Elementary: “The Adventure Of The Nutmeg Concoction”
“You can’t judge an idea just by the results it provides.”
Elementary—like any serial Holmes—will eventually run into the narrative crossroads we’re seeing now. On the one hand, with two seasons under its belt (one a gorgeous slow-burn character study, one with some growing pains), there’s a pleasant weight in the relationship between Sherlock and Watson that happens. That can be awfully handy: When Sherlock and Joan visit prison in this episode to try and convince a lifer to talk, they play off each other with subdued precision, setting aside their friction in pursuit of a shared goal. The synchronized drop into that condensed body language they share and mimic in one another when they’re after their prey is all the better for having those previous seasons of context. (Joan even gets the line about the value of offering closure to the victim; it’s both something Sherlock wouldn’t have thought about, and a chance for Lucy Liu to deliver some of the beautiful disgust she keeps in reserve for guys like these.)

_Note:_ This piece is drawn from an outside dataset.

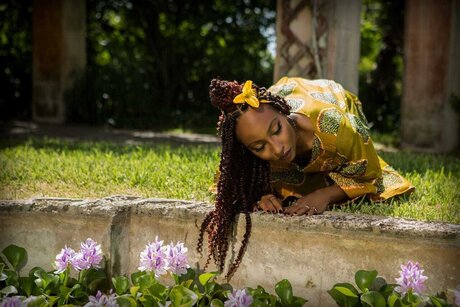 The Divine pretty star galleries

But Elementary is also constantly having to re-negotiate the scope of its own world. It has its regulars in Gregson and Bell, who get their weekly screen time, and this season has also introduced Kitty (a bold move, even if she has yet to prove herself a necessary third). The rest of the potential recurring characters too often fall prey to the case of the week. Not unexpected for the Irregulars, perhaps, but when it comes to certain characters, this spottiness sometimes kept them from having the impact they could. Gregson’s family life earlier this season, which, as Myles pointed out in “Rip Off,” seemed sudden, and the show has a habit of introducing engaging characters with great potential, and then forgetting they exist for long stretches as they solve this week’s case, week after week, until they become useful again. Even the scope of Sherlock and Joan’s pasts tend to wax and wane with their immediate usefulness. And Sherlock gets more, of course—Sherlock always gets more. (Though this season has already improved on season two; having moved on from Sherlock, Joan’s in a better position to play foil, and her being at odds with him is paying off.)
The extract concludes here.